Bij het omzetten van windkracht in elektriciteit maakt men gebruik van windturbines. Omdat het belangrijkste onderdeel bij het omzetting proces de generator is, wordt een windturbine ook wel eens een wind generator genoemd. Een generator is een onderdeel dat de beweging omzet in bruikbare energie (elektriciteit).
Wanneer het waait zullen de rotorbladen (wieken) van de windturbine in beweging worden gebracht en gaan draaien. De rotorbladen zijn echter bevestigd aan een as die op zijn beurt de draaiende beweging overneemt en doorgeeft aan een reeks tandwielen of speciale elektronica.
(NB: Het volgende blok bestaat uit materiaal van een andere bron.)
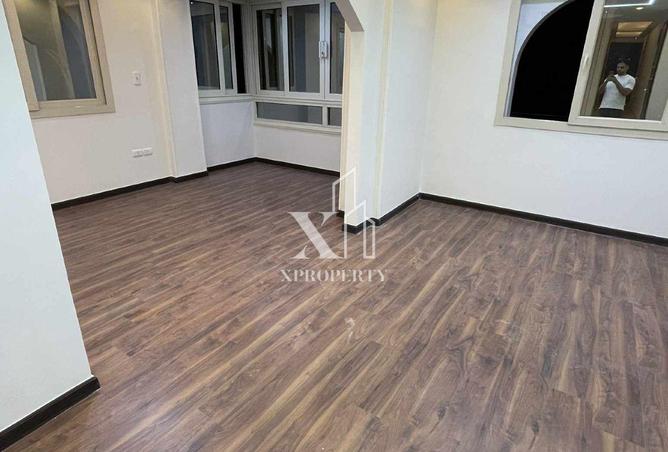 8015727 - Property Image 3
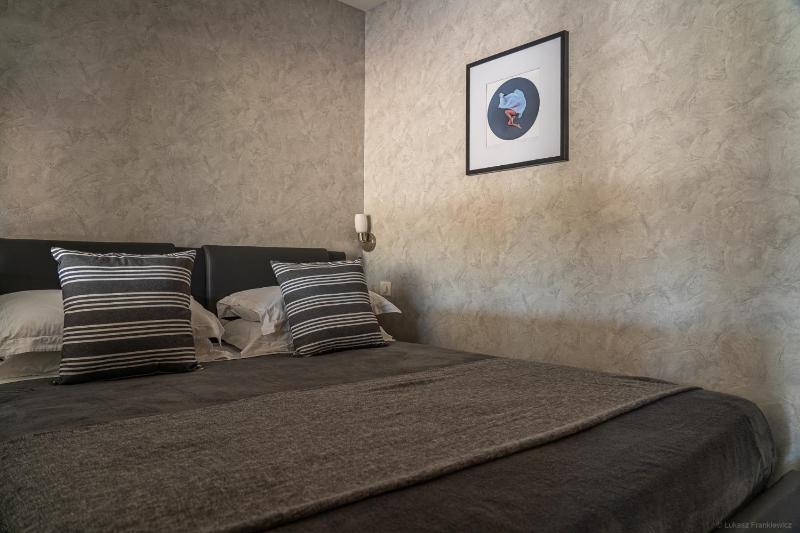 Beach side Helio ground floor apartment with attached garage in the Naturist Village - image 7
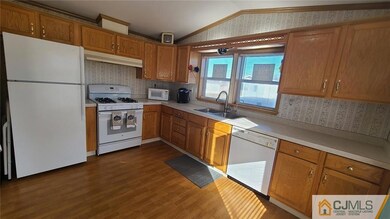 26 Dalbert St unit L7, Carteret, NJ 07008 - photo 2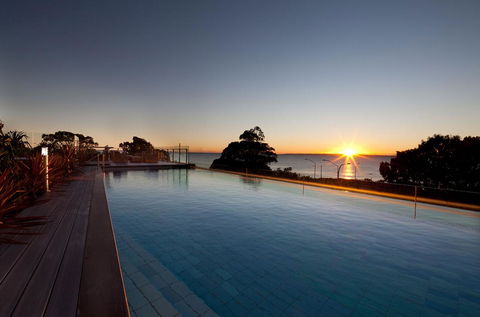 Oaks Redcliffe Mon Komo Suites - Lightning Ridge Tourism 3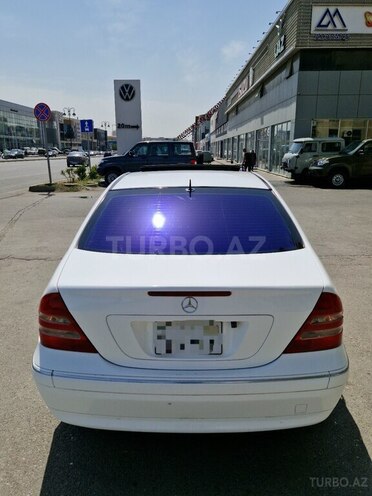 Mercedes C 240 2001, 370,125 km - 2.6 l - Bakı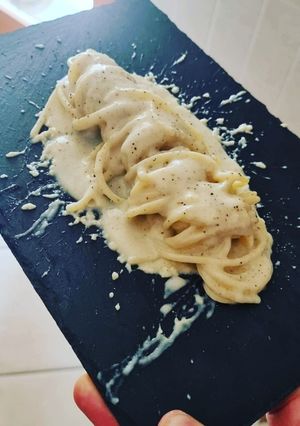 A picture of Spaghetti Cacio e Pepe.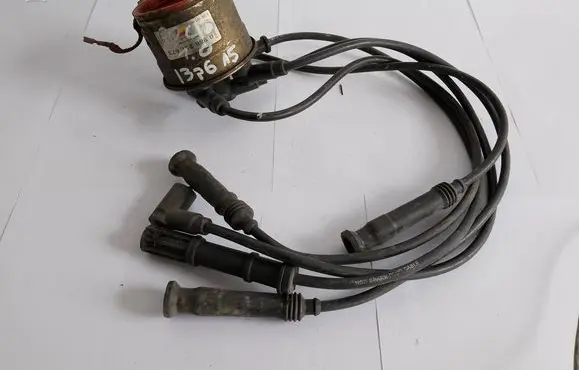 Volkswagen Polo III 6N 6N2 6NF Spark distributor 0986237673 0237521061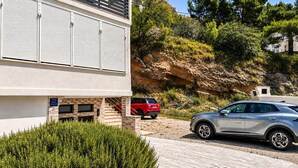Property grounds - Nice apartment in Mimice with WiFi (Mimice)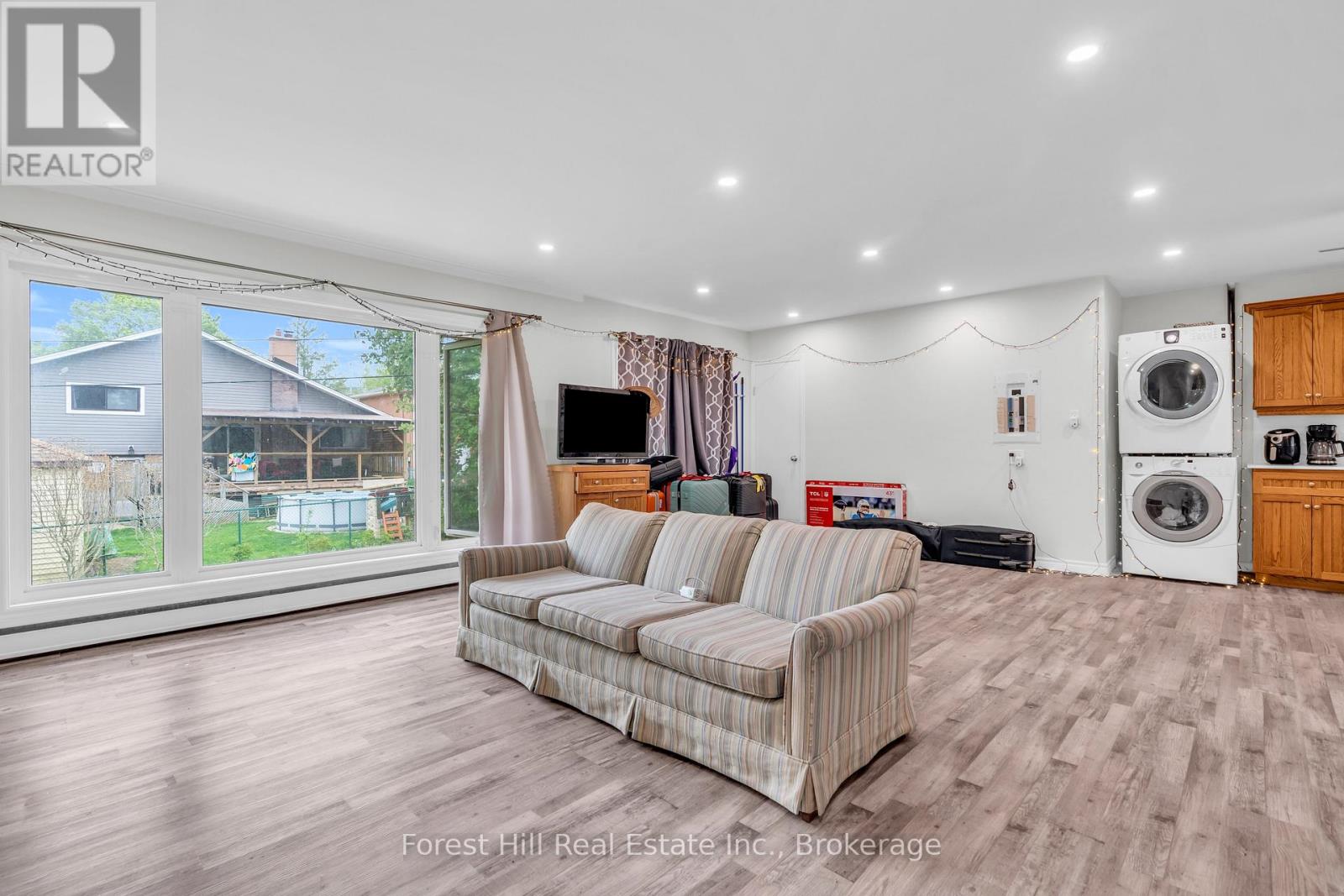 110 Stonybrook Drive, Kitchener, Ontario  N2M 4L7 - Photo 8 - X12158201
Hierna is de generator aan de beurt. Hier zal de beweging worden omgevormd tot bruikbare energie. Dit gebeurt doordat een elektromagneet ronddraait in een spoel dat omwonden is met koperdraad. Er ontstaat een elektrische energie die, wanneer men een stroomkring creëert, als elektriciteit kan worden gebruikt. Doordat er een groot vermogen wordt opgewekt is het belangrijk dat deze opgewekte stroom via een stilstaande spoelen aan het energienet aangeboden.
Het principe van een wind generator is te vergelijken met de werking van een dynamo op een fietswiel. Het enige verschil is echter dat de spoel bij een dynamo het roterende onderdeel is en dat de elektromagneet op zijn plaats blijft. Natuurlijk is het vermogen dat bij een dynamo wordt opgewekt aanzienlijk lager dan dat van de, veel grotere, windturbines.
Bij een wind generator is de bekrachtigings- of gelijk stroom voor het creëren van het benodigde magnetisch veld relatief klein waardoor het op een eenvoudige manier kan worden overgezet op een roterende as (dit kan met behulp van zogenaamde koolborstels). Om te kunnen werken heeft elke grote wisselstroommachine gelijkstroom nodig voor de elektromagneet.